The council is taking a medium term approach to managing its budget and will set a balanced budget over the next three years. Based on the draft budgets, the amount the council needs to spend will be more than the amount which is collected in council tax, grants and other income, by a total of £44.4m over the three year period, and the council will need to make savings in its budget over the next three years equal to these amounts.
The budget proposals will see savings for 2011-12 of £11.9m, with further savings of £20.2m in 2012-13 and £23.6m in 2013-14.
Some of Argyll and Bute Council’s reserves will be used to manage the differences for individual years - £6.8m from reserves in 2011-12, with that amount being repaid in 2012-13 (£1.9m) and 2013-14 (£4.9m).
Almost a third of the savings proposed will come from changes to the way the council operates and will not result in changes to services. The remainder will come from changes to front line services.
Potential savings of £7.6 million, identified as part of the council’s service review process, were announced in December, and formed part of the budget consultation exercise, which began in August 2010. These proposed savings are included in the budget, although some of them, if approved, will not be achieved until the second or third year of the three-year budget approach.
Some of the savings proposed by the service reviews include: increasing fees and charges for some services; transferring ownership of council halls to community trusts; reducing the provision of cleaning and janitorial services to community halls and schools; increasing the cost of school meals for primary school pupils; changing our approach to recycling.

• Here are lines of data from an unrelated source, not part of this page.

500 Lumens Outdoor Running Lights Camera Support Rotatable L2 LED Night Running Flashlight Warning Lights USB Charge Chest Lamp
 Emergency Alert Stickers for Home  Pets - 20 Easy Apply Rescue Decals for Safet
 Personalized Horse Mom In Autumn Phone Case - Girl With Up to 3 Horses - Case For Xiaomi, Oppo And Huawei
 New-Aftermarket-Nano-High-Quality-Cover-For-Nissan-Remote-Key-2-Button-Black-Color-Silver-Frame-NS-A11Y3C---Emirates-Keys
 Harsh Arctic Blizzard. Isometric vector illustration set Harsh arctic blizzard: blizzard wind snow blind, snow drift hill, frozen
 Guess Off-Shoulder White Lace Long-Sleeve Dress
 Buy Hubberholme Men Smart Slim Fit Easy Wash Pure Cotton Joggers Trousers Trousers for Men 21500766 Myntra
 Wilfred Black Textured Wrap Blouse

Further proposed savings have been identified since then, as a result of the lower-than-anticipated settlement from the Scottish Government. Some of the additional savings include: closure of Lochgilphead library; no longer providing grant support to local and community transport; withdrawal or reduction of funding to some community groups; removing funding for PE and swimming lessons; closure of some public toilets; withdrawal of music instructor service; withdrawal funding for Christmas lights erection, storage and maintenance; reducing the amount spent on the core path network; removing funding for some community recycling groups; ending the contribution to wardens costs for sheltered housing schemes and replacing this with overnight home care and telecare services; reducing expenditure and services in supporting people funded services; withdrawal of funding from Princes Trust.
The council will also increase fees and charges for services by an average of 3%. This will average a 5.5% increase for services which have VAT applied.
Councillor Dick Walsh said: “Every part of Argyll and Bute will feel some impact of this budget. It’s not easy deciding to remove or change services but we do not have the money to do everything the way we did in the past.